The number of unauthorized copies of the testing tool Cobalt Strike used in the wild is down 80% over the last two years following the launch of a global crackdown, the security firm Fortra said Friday. 

Microsoft, the Health Information Sharing and Analysis Center (Health-ISAC) and Fortra, which bought Cobalt Strike in 2020, have worked since 2023 to address the longstanding issue of pirated and unlicensed versions of the software being downloaded by criminals from illegal marketplaces and used in cyberattacks. 

Developed in 2012, Cobalt Strike is an adversary simulator and penetration testing software used by red teams to detect vulnerabilities and plan response, but older versions of the program have been widely exploited by cybercriminals, ransomware gangs and nation-state attackers. 

Unlicensed versions of Cobalt Strike are typically used in spearphishing emails that aim to install a beacon on the target’s device. This beacon then allows the attacker to profile and remotely access the victim’s network.

In March 2023, the U.S. District Court for the Eastern District of New York issued an order allowing Microsoft, Fortra and Health-ISAC to go after the “malicious infrastructure” used in attacks, such as command-and-control servers.

The order allowed the three entities to notify relevant internet service providers and computer emergency readiness teams (CERTs) who assist in taking the infrastructure offline — severing the connection between criminal operators and infected victim computers.

Fortra explained in a blog post Friday that a three-year operation named “Morpheus” culminated in July 2024 with the coordinated global takedown of known IP addresses and domain names associated with criminal activity related to unauthorized versions of Cobalt Strike.

That effort, headed by the UK's National Crime Agency, led to 690 IP addresses being flagged to online service providers in 27 countries, 593 of which have been taken down to date.
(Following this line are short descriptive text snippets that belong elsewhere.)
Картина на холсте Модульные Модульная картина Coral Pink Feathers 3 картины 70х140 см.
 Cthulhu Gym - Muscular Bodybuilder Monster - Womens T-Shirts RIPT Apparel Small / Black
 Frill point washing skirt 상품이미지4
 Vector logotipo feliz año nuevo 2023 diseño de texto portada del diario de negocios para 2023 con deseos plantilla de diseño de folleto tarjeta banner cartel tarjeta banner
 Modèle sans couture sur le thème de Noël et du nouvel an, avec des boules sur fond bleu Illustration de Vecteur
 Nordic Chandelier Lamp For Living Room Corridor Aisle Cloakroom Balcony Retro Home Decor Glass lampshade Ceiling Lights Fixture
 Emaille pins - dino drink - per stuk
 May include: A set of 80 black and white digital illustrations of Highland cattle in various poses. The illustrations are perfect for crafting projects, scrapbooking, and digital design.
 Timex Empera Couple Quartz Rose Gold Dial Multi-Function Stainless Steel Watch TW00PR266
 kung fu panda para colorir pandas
The operation was assisted by law enforcement agencies in Australia, the U.S., Canada, Germany, the Netherlands and Poland. 

The 80% decrease in unauthorized copies has helped “drastically reduce availability to cybercriminals,” Fortra said. 

“We have successfully seized and sinkholed over 200 malicious domains, effectively cutting off their ability to accept legitimate traffic and preventing further exploitation by threat actors,” the company said. “Additionally, the average dwell time — the period between initial detection and takedown — has been reduced to less than one week in the United States and less than two weeks worldwide.”

Fortra associate vice president Bob Erdman told Recorded Future News that collaborating with Microsoft and other partners allowed them to expand the speed and scale of their actions. 

“Every unauthorized Cobalt Strike system taken down or domain name that is seized interrupts potential attacks across the globe,” he said. “The additional involvement of global law enforcement organizations allows us to share intelligence and IOCs in real time to the relevant authorities for enforcement actions.”

Microsoft previously said they found evidence of nation-state groups from Russia, China, Vietnam and Iran using cracked copies of Cobalt Strike. Experts have seen Cobalt Strike used in dozens of ransomware attacks on healthcare institutions and was deployed in the ransomware attack that impacted the government of Costa Rica in 2022. 

A Microsoft spokesperson told Recorded Future News that the success in reducing the use of unauthorized, legacy copies of Cobalt Strike “underscores the power of collaboration in combating cybercrime.”